B. There is no genuine dispute of material fact that Alorica did not cause Folio severe emotional distress.
To prove intentional infliction of emotion distress, Plaintiff must show that (1) the wrongdoer's conduct was intentional or reckless; (2) “the conduct was outrageous and intolerable in that it offends against the generally accepted standards of decency and morality”; (3) “there was a causal connection between the wrongdoer's conduct and the emotional distress”; and (4) “the emotional distress was severe.” Minshall v. Health Care & Ret. Corp. of Am., 208 W.Va. 4, 8-9 (2000).
The mere act of terminating an employee for “invidious reasons cannot be grounds for ‘outrageous' conduct under West Virginia law.” Councell v. Homer Laughlin China Co., 823 F.Supp.2d 370, 384 (N.D. W.Va. 2011). For an employer's conduct to be deemed “outrageous,” an employee must experience more than “embarrassment or financial loss stemming from the plaintiff's firing.” Minshall, 208 W.Va. at 8. Only employers who act outrageously can be liable to their former employees.

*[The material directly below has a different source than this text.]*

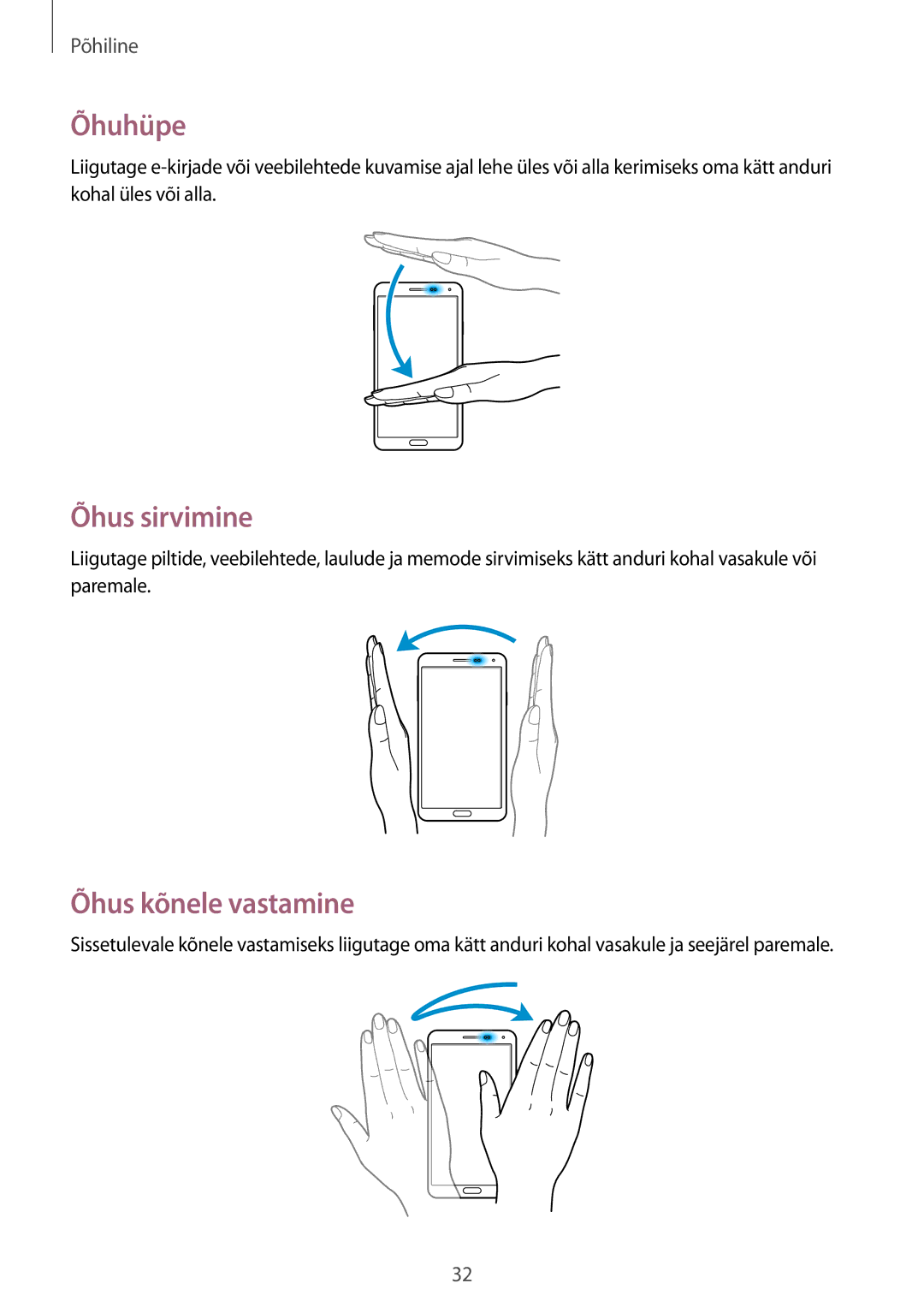 Samsung SM-N9005WDESEB, SM-N9005ZKESEB, SM-N9005ZWESEB manual Õhuhüpe, Õhus sirvimine, Õhus kõnele vastamine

Id. Whether conduct could be considered “outrageous” is a legal question for this Court. See Duncan v. Gilead Scis., Inc., Civ. No. 3:10-1421, 2011 U.S. Dist. LEXIS 51303, FN 1 (S.D. W.Va. May 9, 2011) (quoting Hines v. Hills Dept. Stores, Inc., 454 S.E.2d 385 (W.Va. 1994) (Cleckley, J., concurring) (finding that courts “too often” overlook that “determining whether conduct may reasonably be considered outrageous, [is] a legal question”)).
Here, as Alorica rightly states, Folio must prove that (1) Alorica's conduct was intentional or reckless; (2) Alorica's conduct was outrageous and intolerable in that it offends against the generally accepted standards of decency and morality; (3) the outrageous conduct caused emotional distress; and (4) the emotional distress was severe.

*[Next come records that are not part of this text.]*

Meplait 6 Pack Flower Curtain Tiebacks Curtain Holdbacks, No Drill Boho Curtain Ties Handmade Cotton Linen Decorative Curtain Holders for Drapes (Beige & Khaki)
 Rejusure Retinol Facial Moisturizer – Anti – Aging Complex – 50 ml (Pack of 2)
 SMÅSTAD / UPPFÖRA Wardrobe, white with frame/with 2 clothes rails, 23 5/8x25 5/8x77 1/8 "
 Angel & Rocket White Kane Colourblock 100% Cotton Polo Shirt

Folio alleges that after the “unlawful termination,” she suffered from “[e]xtreme [e]motional [d]istress. [ECF No. 119]. She claims to be “suffering from PTSD and circular thinking as well as nightmares, and flashbacks.. .intense migraines,” had a “nervous breakdown” because of the “harassment and bullying,” filed for Social Security Disability, and had a miscarriage “due to stress inflicted by the Defendant.” [ECF No. 119, at 18-9]. Further, she claims to have lost viewers and income derived from her presence on YouTube. Id. Folio has also not been able to obtain similar employment and claims that “Defendant's actions severely limited the earning potential....by causing emotional distress severe enough to seek psychological help.” Id. at 19.
However, the undersigned is not convinced that Alorica's decision to suspend and subsequently terminate Folio supports a claim of intentional infliction of emotional distress. The undersigned does not find that Alorica's actions were (1) intentional or reckless nor (2) so outrageous or intolerable that it exceeds any standards of decency and thus did not cause Folio severe emotional distress. As discussed above, any reasonable review of the record demonstrates that Folio's conduct towards a fellow trainee gave rise to Alorica's decision.

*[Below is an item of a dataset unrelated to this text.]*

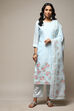 Blue Linen Digital Print Unstitched Suit Set image number 8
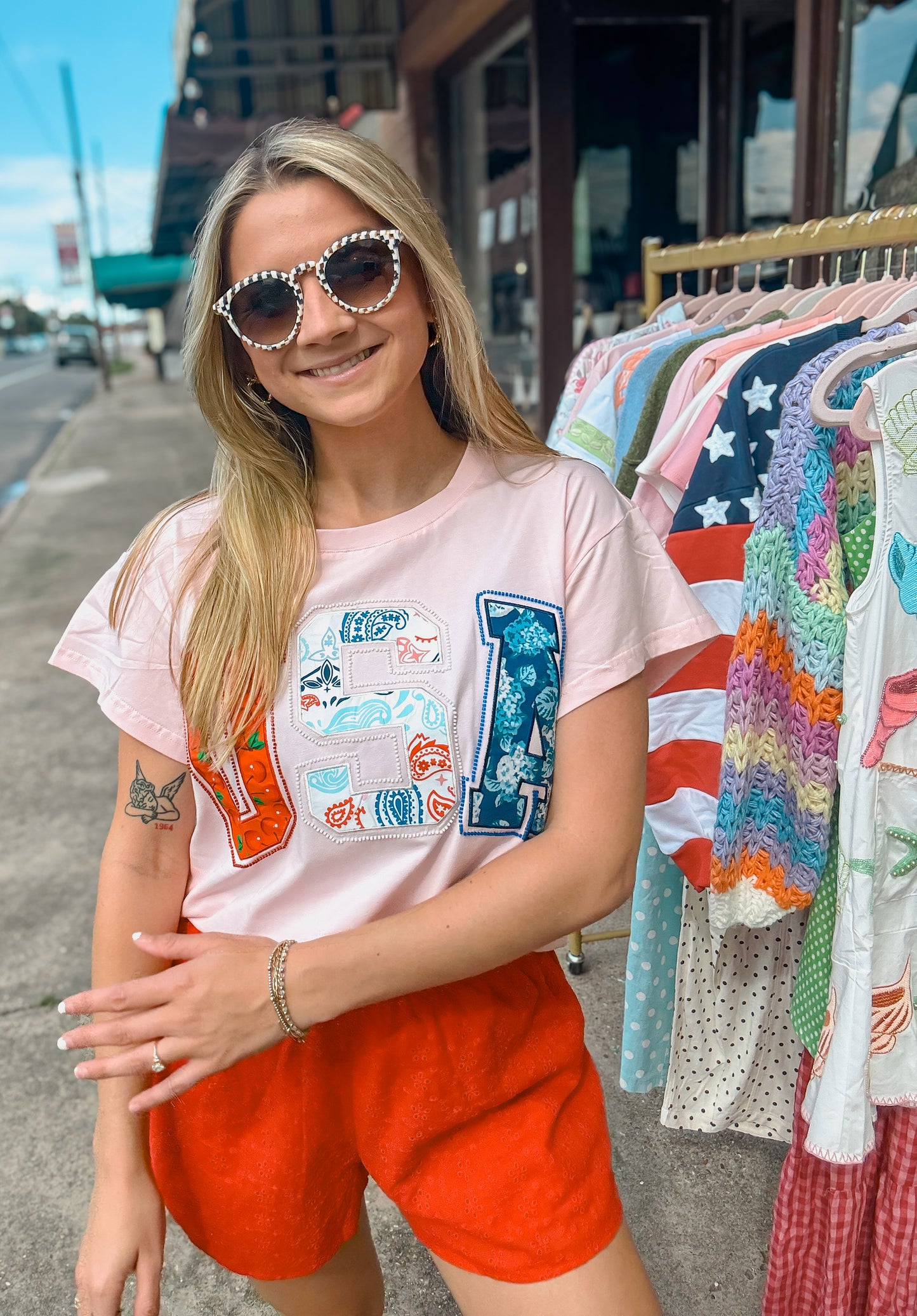 USA Pink Bandana Tee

Specifically, Alorica provided evidence that Folio sent inappropriate and continuous unwanted messages to the fellow trainee causing the trainee to feel unsafe and uncomfortable. Alorica persuasively argues that such behavior simply contravenes their policies pertaining to professionalism and ensuring a safe workplace environment. [ECF No. 126, at 2]. Thus, Alorica's decision was not outrageous, but rather, legitimate and warranted in response to Folio's behavior. Because the conduct was not outrageous, the undersigned also does not find that Alorica's conduct caused Folio severe emotional distress. However, it should be noted that the undersigned does not minimize the issues Folio described having experienced during the course of events that led to the instant litigation.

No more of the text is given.